MIKE OSSIPOFF nkklrp at hotmail.com
Fri Nov 8 23:54:21 PST 2002




I'd said:


>If there's some way in which the outcome in the districts
>can be called the people's choice, representative of what they want,
>then how can we say that about the systemwide result?

Blake replied:

If I say that Bill Smith chooses candidate X, we all know what that
means. But what do I mean when I say Northern California chooses X? Do
I mean that Northern California has wills and desires in the same sense
that Bill Smith does? Of course not. I can ascribe decisions to
Northern California only metaphorically. Probably what I mean is that
Northern Californians generally prefer X, or that their constitution
designates X as the winner, or something like that.

I think you're taking the choice of a district quite literally, as if
there were some kind of entity called the district with a capacity to
choose in the same way that Bill Smith has a capacity to choose. This
allows you to take a district and mentally replace it with a single
voter, the group. So, when two groups say A, but their combination says
B, its kind of like B winning despite the unanimous choice of A. But
its just a trick of the language.

I reply:

Yes, that's why I said "If there's some way in which...", in the
passage that you quoted. I'm not saying that it really has a definite
meaning to speak of the best choice for a particular set of people.

But if there's a winner that's really right for the people of
Southern California, and that winner is also really right for the
people of Northern California, then of course, since that winner
is right for all those people in some way (even though he isn't
liked by all of them), then he's right for California.

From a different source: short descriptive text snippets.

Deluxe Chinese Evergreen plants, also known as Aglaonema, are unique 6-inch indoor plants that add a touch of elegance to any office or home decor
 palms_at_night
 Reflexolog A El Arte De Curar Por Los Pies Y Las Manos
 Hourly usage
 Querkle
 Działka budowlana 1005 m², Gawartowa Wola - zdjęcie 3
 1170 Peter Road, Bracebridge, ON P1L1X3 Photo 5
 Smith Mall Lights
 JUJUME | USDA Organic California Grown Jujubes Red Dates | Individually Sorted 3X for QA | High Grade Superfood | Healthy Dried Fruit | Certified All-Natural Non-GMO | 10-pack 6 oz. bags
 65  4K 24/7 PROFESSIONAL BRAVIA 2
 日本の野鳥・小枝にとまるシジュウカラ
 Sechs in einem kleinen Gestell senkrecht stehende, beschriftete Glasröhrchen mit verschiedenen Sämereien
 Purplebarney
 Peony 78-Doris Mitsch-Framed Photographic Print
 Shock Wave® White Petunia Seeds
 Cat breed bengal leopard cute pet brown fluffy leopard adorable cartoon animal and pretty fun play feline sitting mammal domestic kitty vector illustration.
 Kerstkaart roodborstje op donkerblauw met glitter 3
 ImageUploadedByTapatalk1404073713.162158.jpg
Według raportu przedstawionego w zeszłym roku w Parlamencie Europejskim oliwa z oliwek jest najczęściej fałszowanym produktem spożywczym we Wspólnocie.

But I'm not saying that there's such a candidate, and that's why
I said "If...". And I said that I don't have proof that Approval's
winner in a particular electorate is, by some precise meaning, the
right choice for those people, because of course I don't know it
would mean to say that.

I only meant that Approval's results are consistent with
someone saying that it has chosen such a right
candidate in Northern California, Southern California, and in California. 
Obviously, for the reasons that you gave above,
and also because other considerations are of more concern to voters,
Consistency failure isn't such a strong bad-mark against a method.